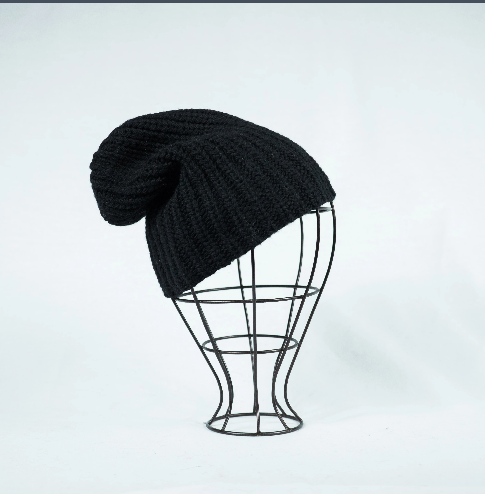 Marcus Beanie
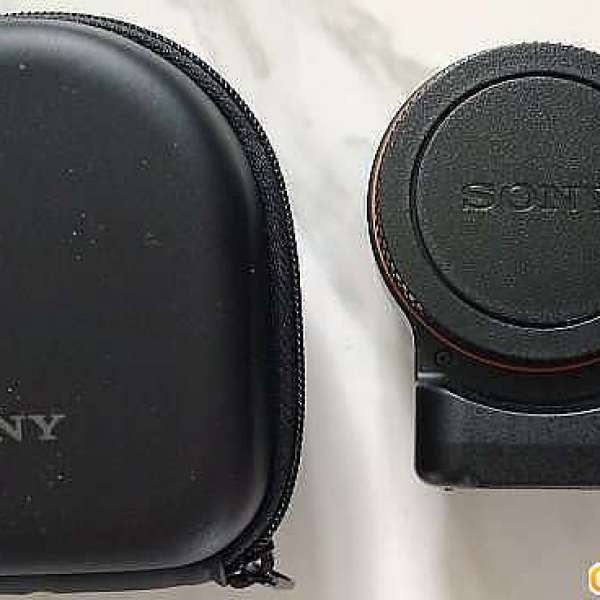 Sony a7r a9 a6500 a99 a77 ♦鏡♦ SAL 16-50  50 1.4 LA-EA4 LA-EA2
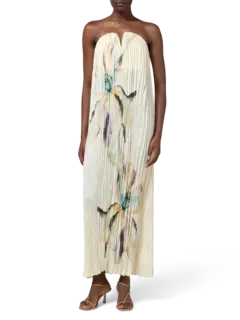 /original/SS250769D_SIGN_CrmLilium_1.png_convert-240x320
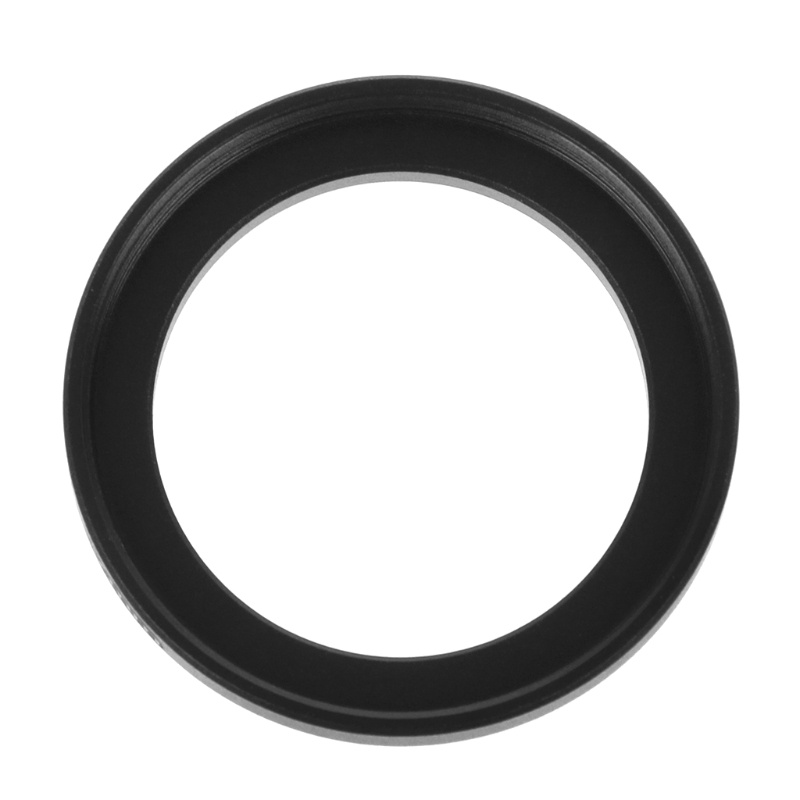 Vòng Nối Kính Lọc Máy Ảnh 32mm Đến 37mm Bằng Kim Loại Mới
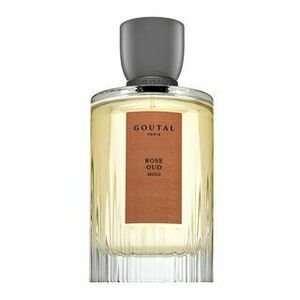 Annick Goutal Rose Oud Absolu čistý parfém pro ženy 100 ml obraz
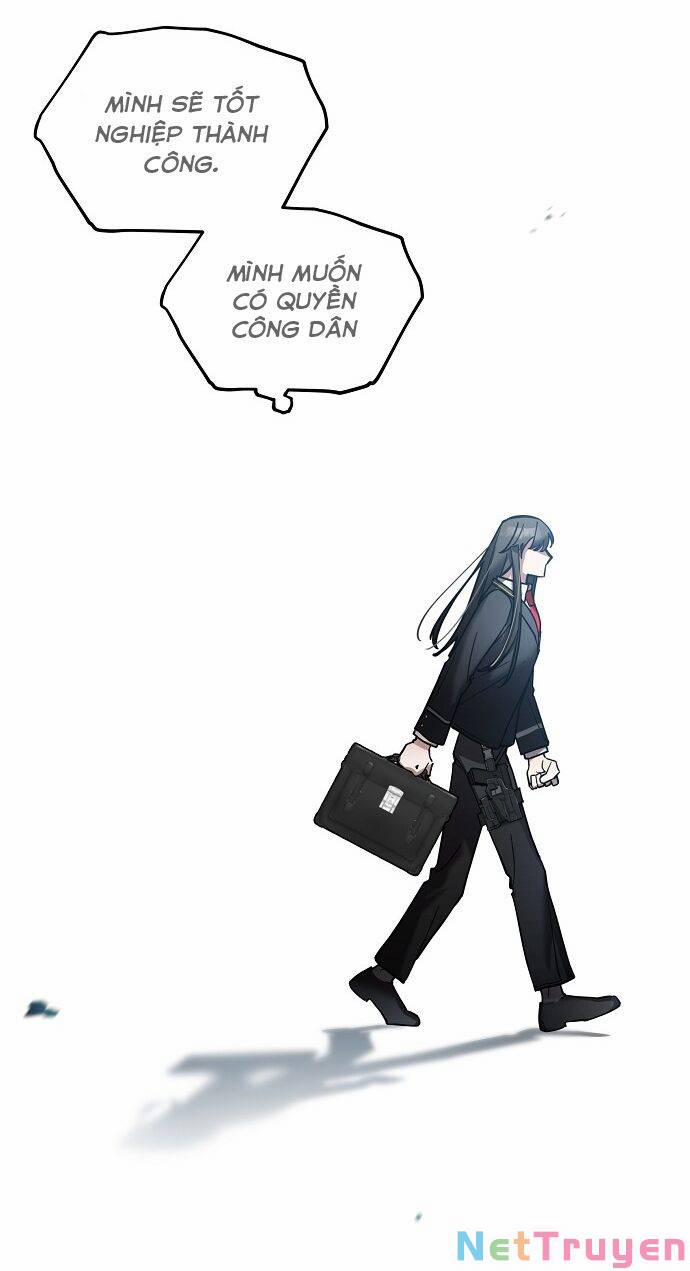 Thuyết Thiên Đường 6 trang 16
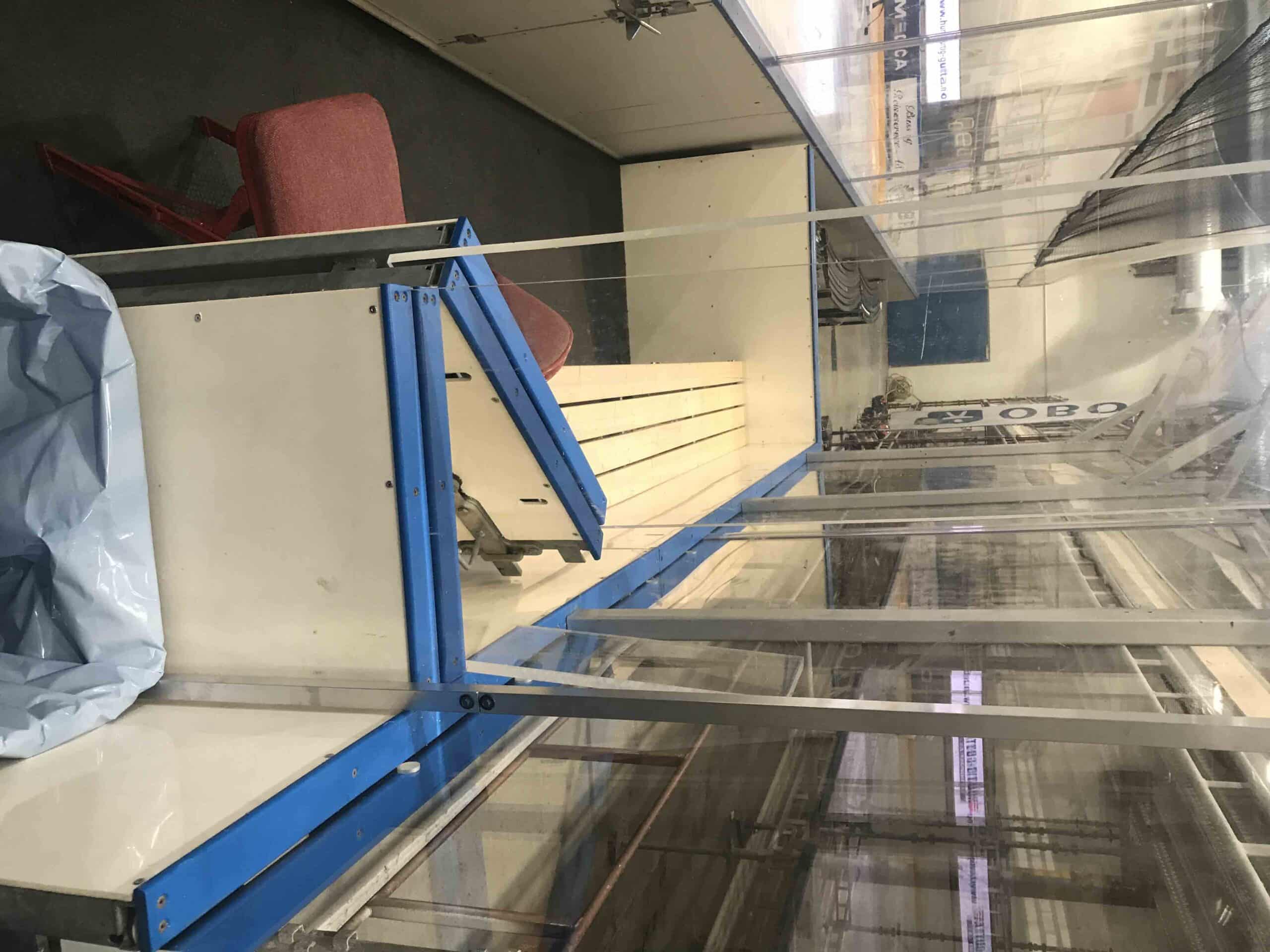 Furuset Ishall 2017 185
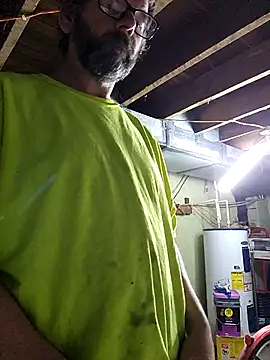 ultimateBWC online show from 04-22-26, 07:26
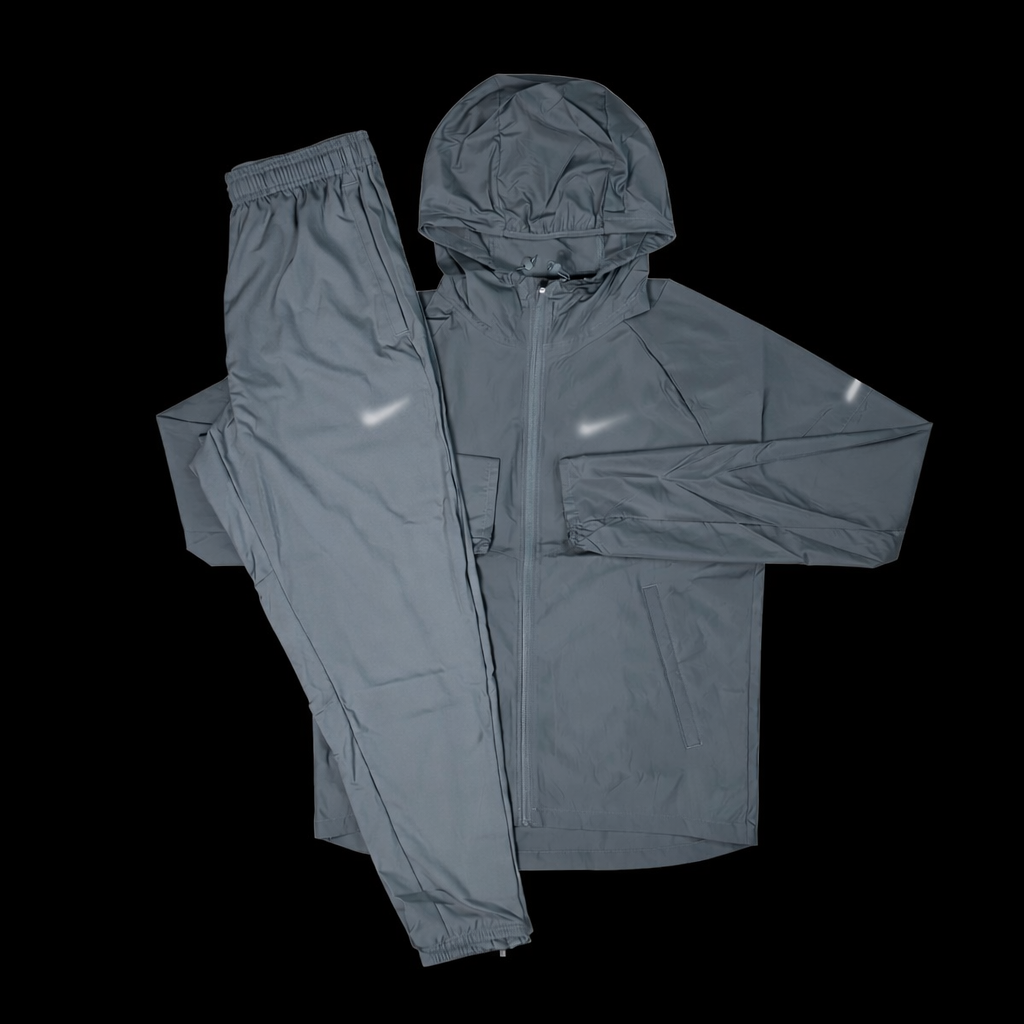 MILERS TRACKSUIT - SUPPLIER - Hustleplace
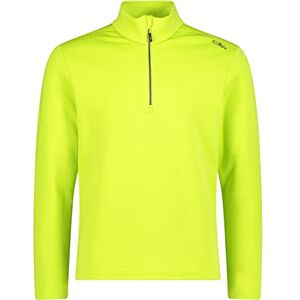 CMP Man Sweat, Acid, 46 CMP Man Sweat, Acid, 46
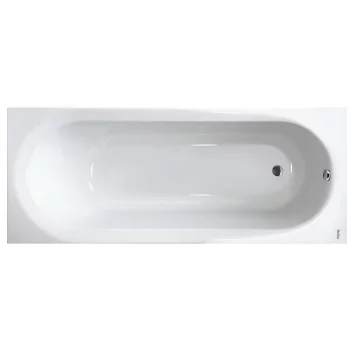 Alba Spa-Baline (150x70)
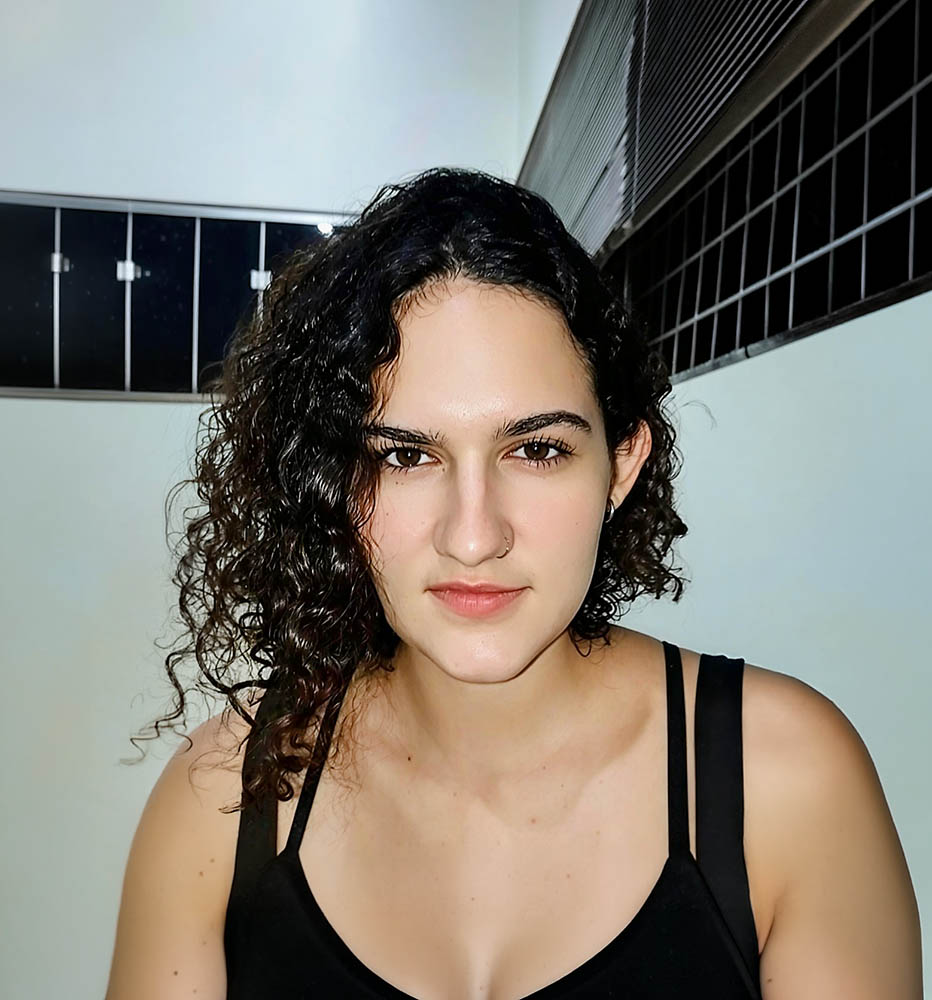 ConnettiItaliaInstitute_Isabelly .jpg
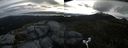 ./images/calvert/buxton2/20170605/buxton220170605_075208M.jpg
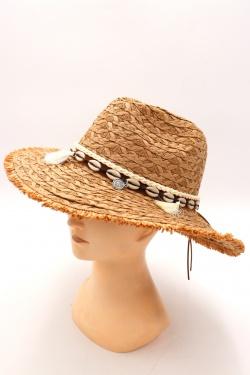 440730-BEIGE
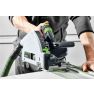 Festool 201910 Diamant-zaagblad 160x2,2x20 DIA4 - 2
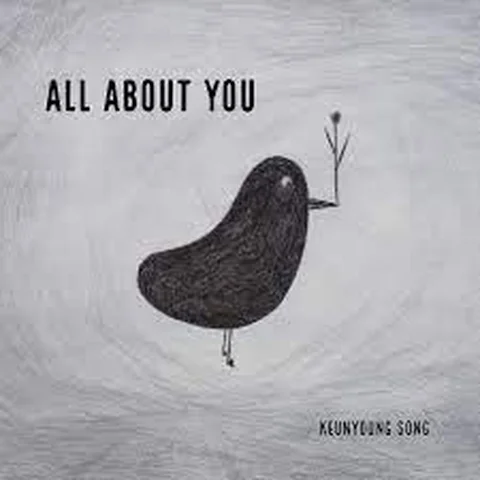 All About You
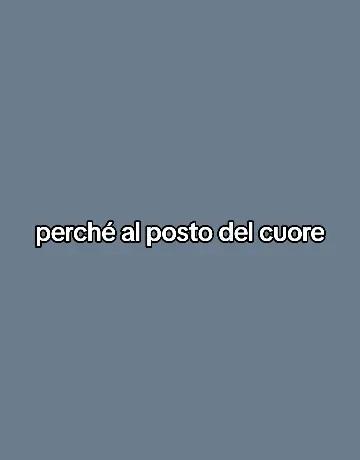@Angelica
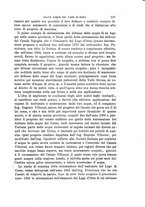 giornale/TO00191180/1899/unico/00000153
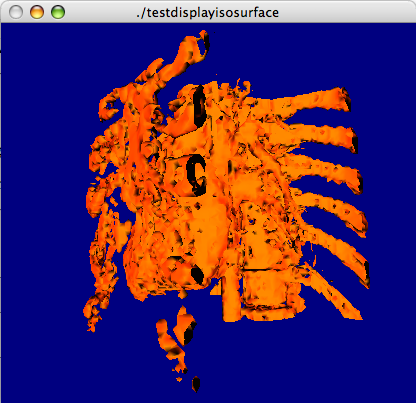 displayisosurface.png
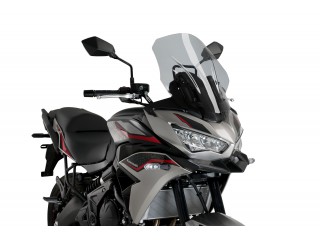 Szyba turystyczna PUIG do...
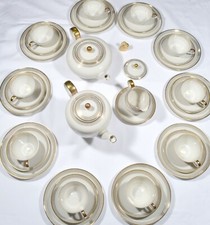 Porzellan Johann Seltmann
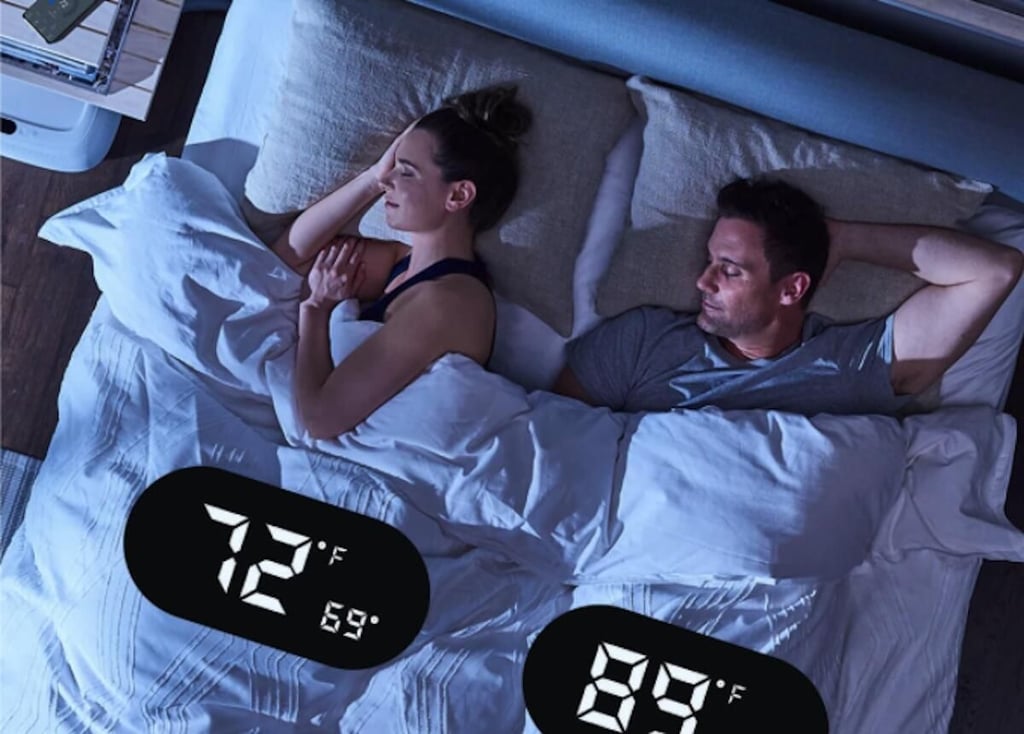 ooler-couple.jpg
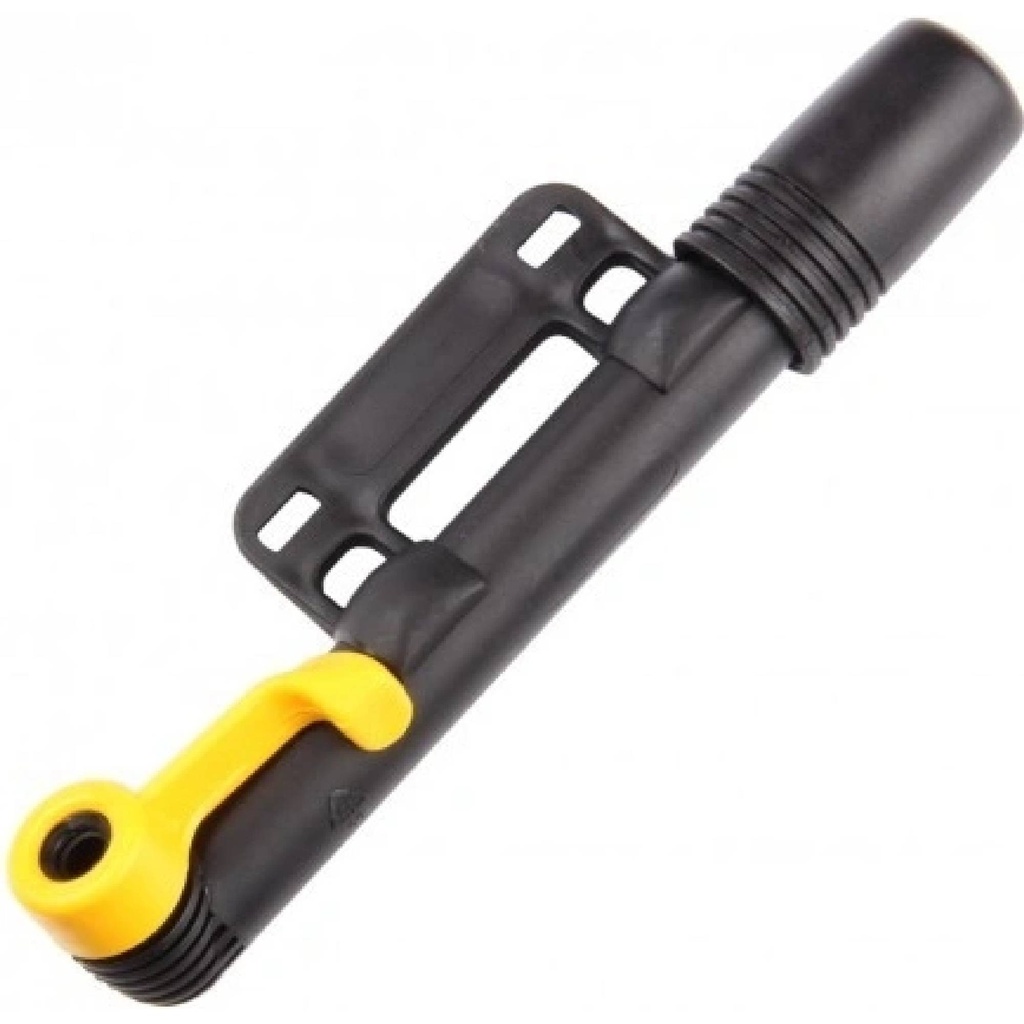 Hustilka VELLA Economic mini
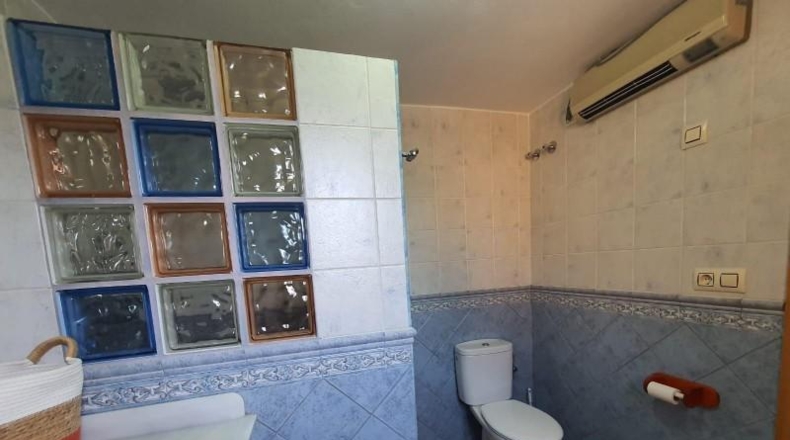 Cadiz - Чипиона - 600m2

• _WHAT YOU NEED TO DO_
The entries above are to be printed again word for word, with every picture removed.

• _FINISHED TASK_
 Marcus Beanie
 Sony a7r a9 a6500 a99 a77 ♦鏡♦ SAL 16-50  50 1.4 LA-EA4 LA-EA2
 /original/SS250769D_SIGN_CrmLilium_1.png_convert-240x320
 Vòng Nối Kính Lọc Máy Ảnh 32mm Đến 37mm Bằng Kim Loại Mới
 Annick Goutal Rose Oud Absolu čistý parfém pro ženy 100 ml obraz
 Thuyết Thiên Đường 6 trang 16
 Furuset Ishall 2017 185
 ultimateBWC online show from 04-22-26, 07:26
 MILERS TRACKSUIT - SUPPLIER - Hustleplace
 CMP Man Sweat, Acid, 46 CMP Man Sweat, Acid, 46
 Alba Spa-Baline (150x70)
 ConnettiItaliaInstitute_Isabelly .jpg
 ./images/calvert/buxton2/20170605/buxton220170605_075208M.jpg
 440730-BEIGE
 Festool 201910 Diamant-zaagblad 160x2,2x20 DIA4 - 2
 All About You
@Angelica
 giornale/TO00191180/1899/unico/00000153
 displayisosurface.png
 Szyba turystyczna PUIG do...
 Porzellan Johann Seltmann
 ooler-couple.jpg
 Hustilka VELLA Economic mini
 Cadiz - Чипиона - 600m2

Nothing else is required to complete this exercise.